◆ **What is expected**: Nothing but the pictures may be dropped; the rest of the listing is to be written out exactly.

◆ **Information supplied**:

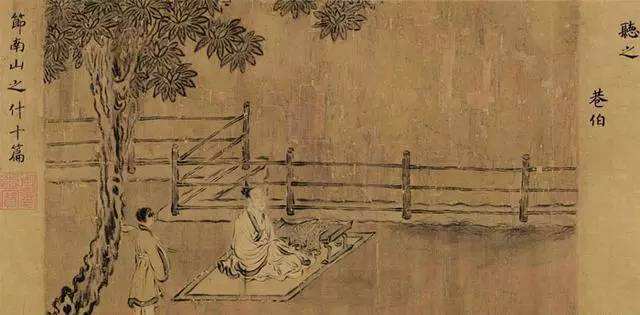 为孩子每天读一点国学，《诗经·国风·周南·桃夭》赏析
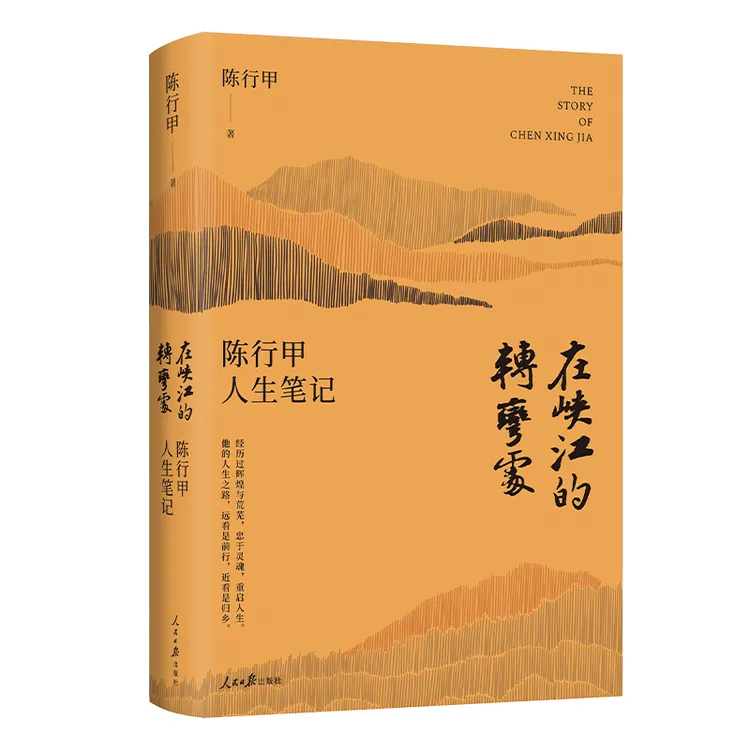 【陈行甲】人生笔记:在峡江的转弯处  (精装)新版增3万余字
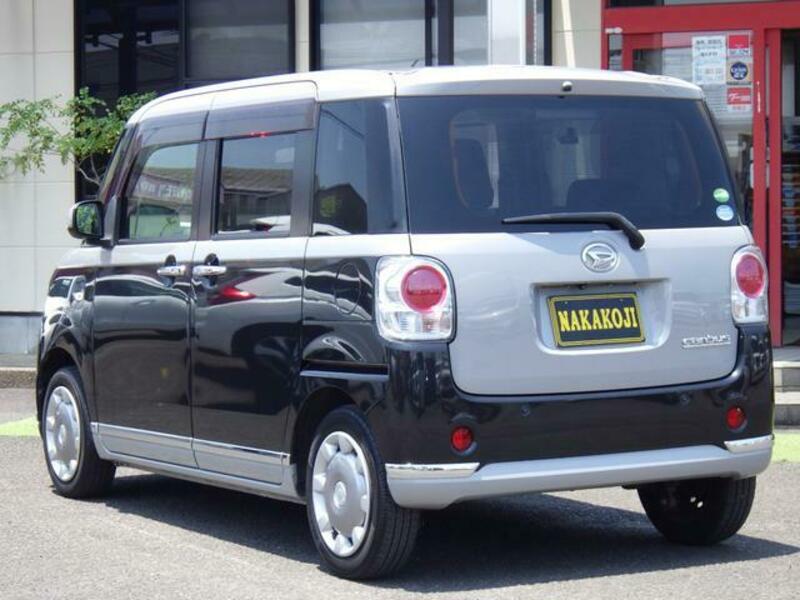 MOVE CANBUS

◆ **The answer**:
 为孩子每天读一点国学，《诗经·国风·周南·桃夭》赏析
 【陈行甲】人生笔记:在峡江的转弯处  (精装)新版增3万余字
 MOVE CANBUS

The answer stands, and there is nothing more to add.